Only the text of the records belongs in the answer, copied exactly and without pictures.

START Dataset records

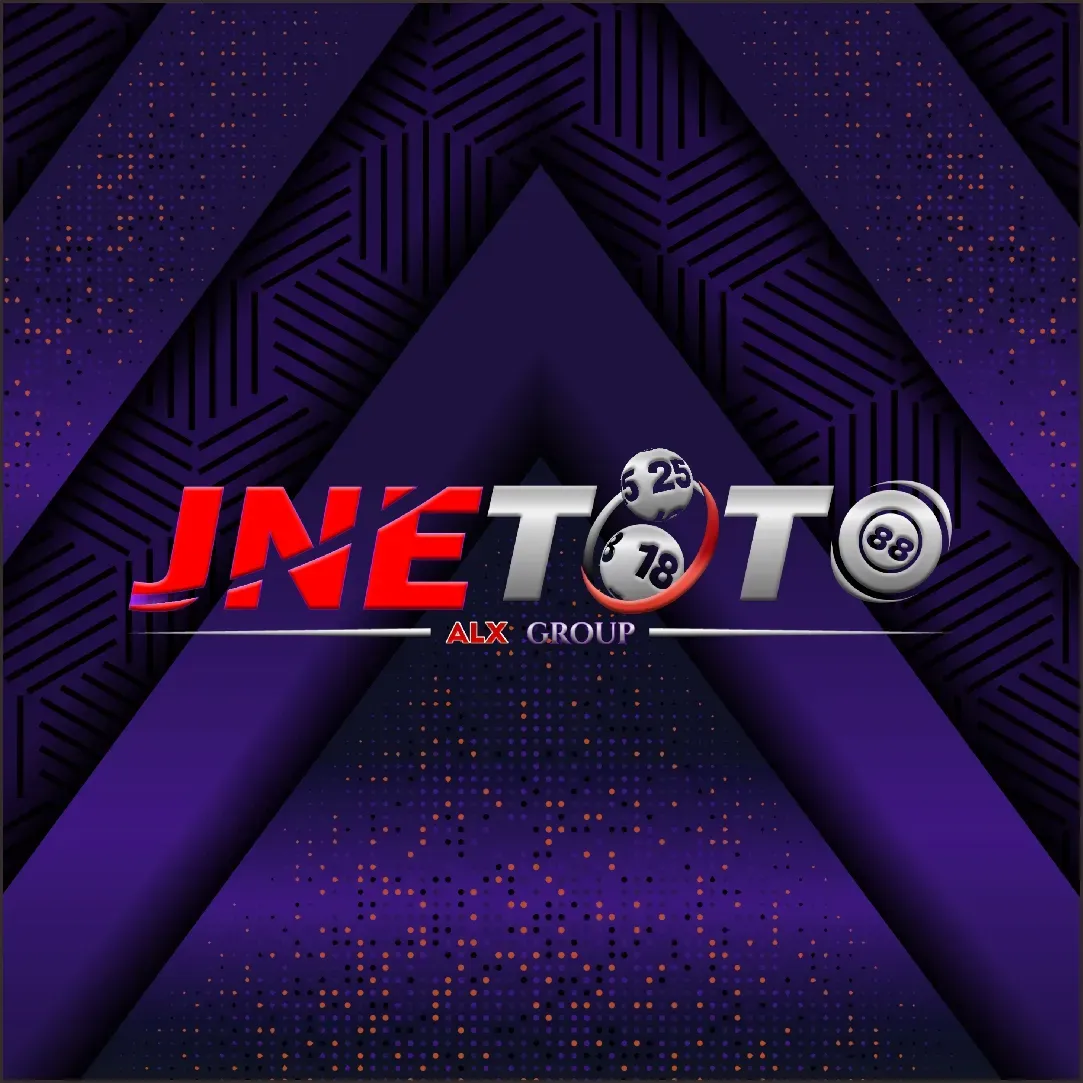 jnetoto APK Versi Terbaru untuk Android 2026 dan raden4d: Rangkuman Brand yang Banyak Dicari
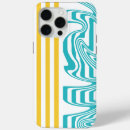 Recherche de fissure iphone coques Pour tous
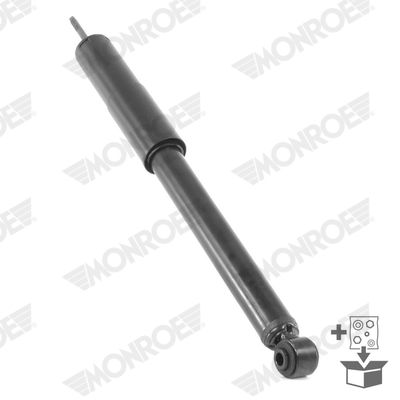 MONROE 23454 Shock Absorber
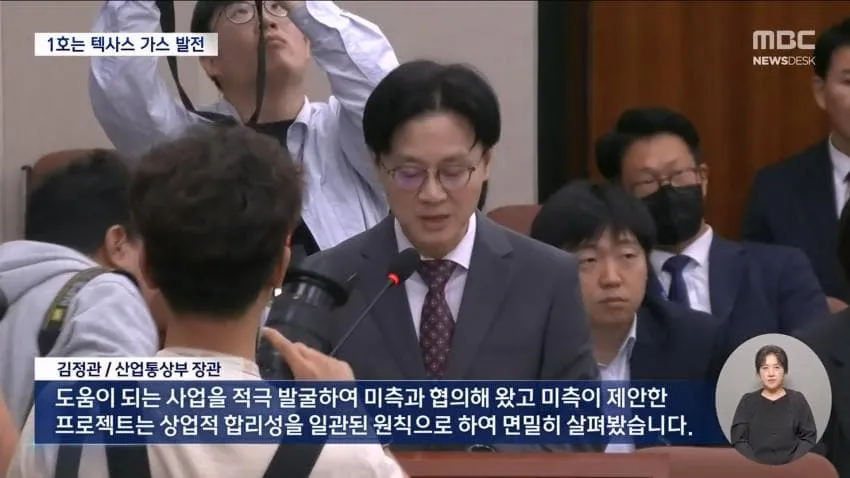 12363cc66e00cd2cba5f9639e81da8fd7c9c579a11569bf0ee393362685e375b2bc1497835375b76004decfe8819627fd411444005e8530e1613e7e2f7f9f79da74cb6e271b9d4ec3a42e4043ad72572a2bc0df3e845664a0d58d0f046243d836460dbd1ed92f7548cdbcc710077d7f318bbfb0e0e6b71f707010fc4a12e483fd4e0982e71fbedd1c3ac4d144b438011c4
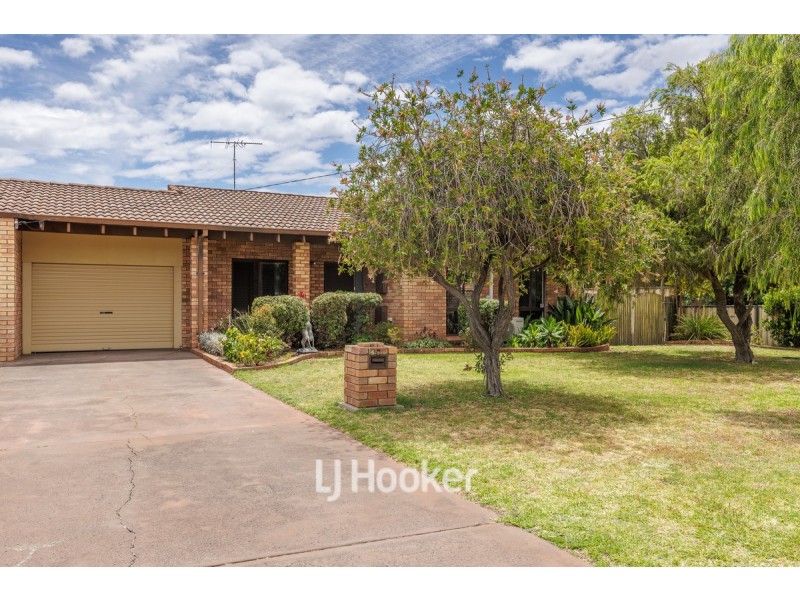 4B Ann Way, South Bunbury WA 6230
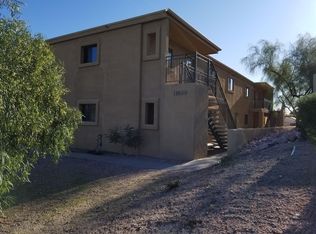 11680 N Saguaro Blvd #201, Fountain Hills, AZ 85268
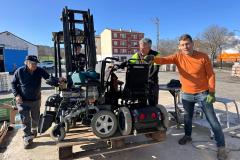 bb5070ab-8e0a-4511-923a-ab8a80867dd3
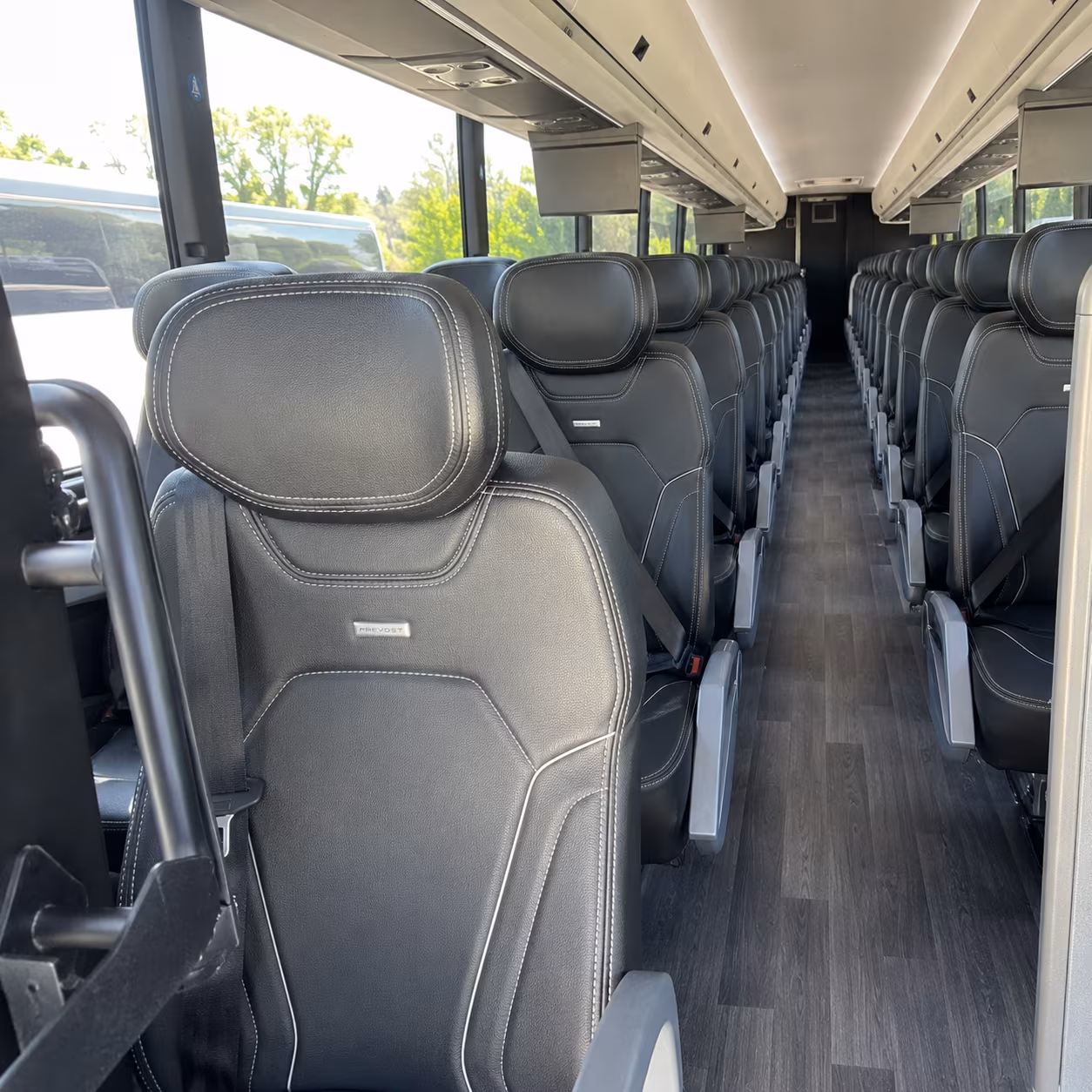 north little rock long distance transportation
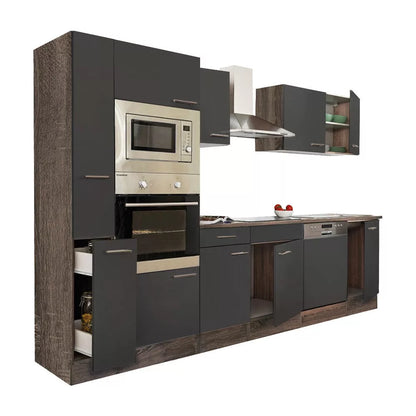Homelux 1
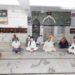 jamshedpur-muslims-जमशेदपुर के मुसलिम समुदाय ने पुतुल सिंह की गिरफ्तारी के लिए बढ़ाया दबाव, दी चेतावनी-ईंद के पहले हो गिरफ्तारी नहीं तो आंदोलन-video jamshedpur-muslims-जमशेदपुर के मुसलिम समुदाय ने पुतुल सिंह की गिरफ्तारी के लिए बढ़ाया दबाव, दी चेतावनी-ईंद के पहले हो गिरफ्तारी नहीं तो आंदोलन-video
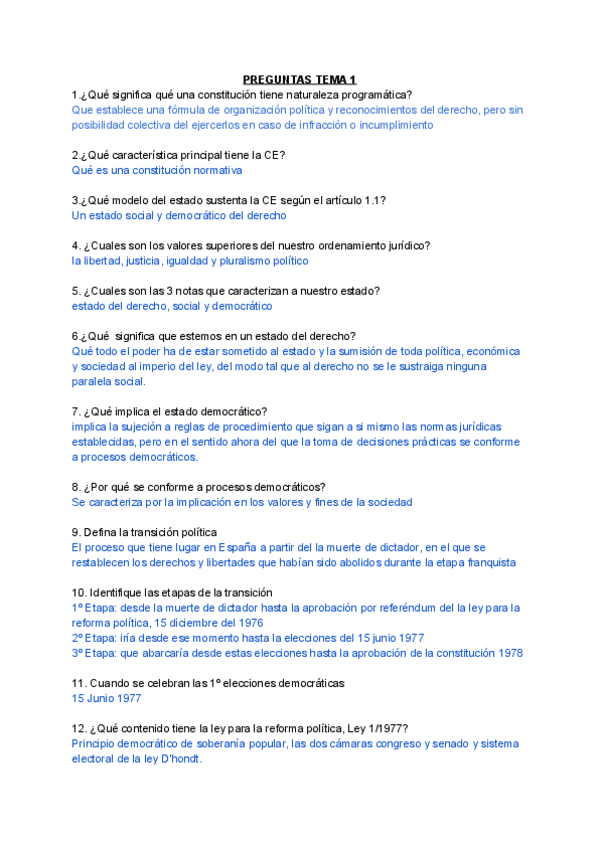 Miniatura del documento PREGUNTAS-TEMA-1.pdf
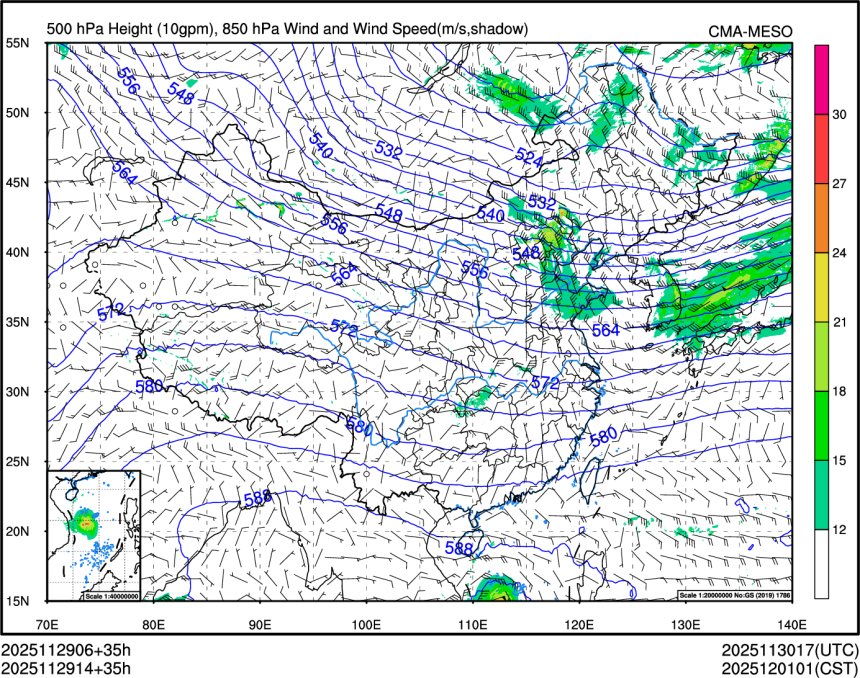 11/29 14时 +035小时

END Dataset records

* _Your response_:
 jnetoto APK Versi Terbaru untuk Android 2026 dan raden4d: Rangkuman Brand yang Banyak Dicari
 Recherche de fissure iphone coques Pour tous
 MONROE 23454 Shock Absorber
 12363cc66e00cd2cba5f9639e81da8fd7c9c579a11569bf0ee393362685e375b2bc1497835375b76004decfe8819627fd411444005e8530e1613e7e2f7f9f79da74cb6e271b9d4ec3a42e4043ad72572a2bc0df3e845664a0d58d0f046243d836460dbd1ed92f7548cdbcc710077d7f318bbfb0e0e6b71f707010fc4a12e483fd4e0982e71fbedd1c3ac4d144b438011c4
 4B Ann Way, South Bunbury WA 6230
 11680 N Saguaro Blvd #201, Fountain Hills, AZ 85268
 bb5070ab-8e0a-4511-923a-ab8a80867dd3
 north little rock long distance transportation
Homelux 1
 jamshedpur-muslims-जमशेदपुर के मुसलिम समुदाय ने पुतुल सिंह की गिरफ्तारी के लिए बढ़ाया दबाव, दी चेतावनी-ईंद के पहले हो गिरफ्तारी नहीं तो आंदोलन-video jamshedpur-muslims-जमशेदपुर के मुसलिम समुदाय ने पुतुल सिंह की गिरफ्तारी के लिए बढ़ाया दबाव, दी चेतावनी-ईंद के पहले हो गिरफ्तारी नहीं तो आंदोलन-video
 Miniatura del documento PREGUNTAS-TEMA-1.pdf
 11/29 14时 +035小时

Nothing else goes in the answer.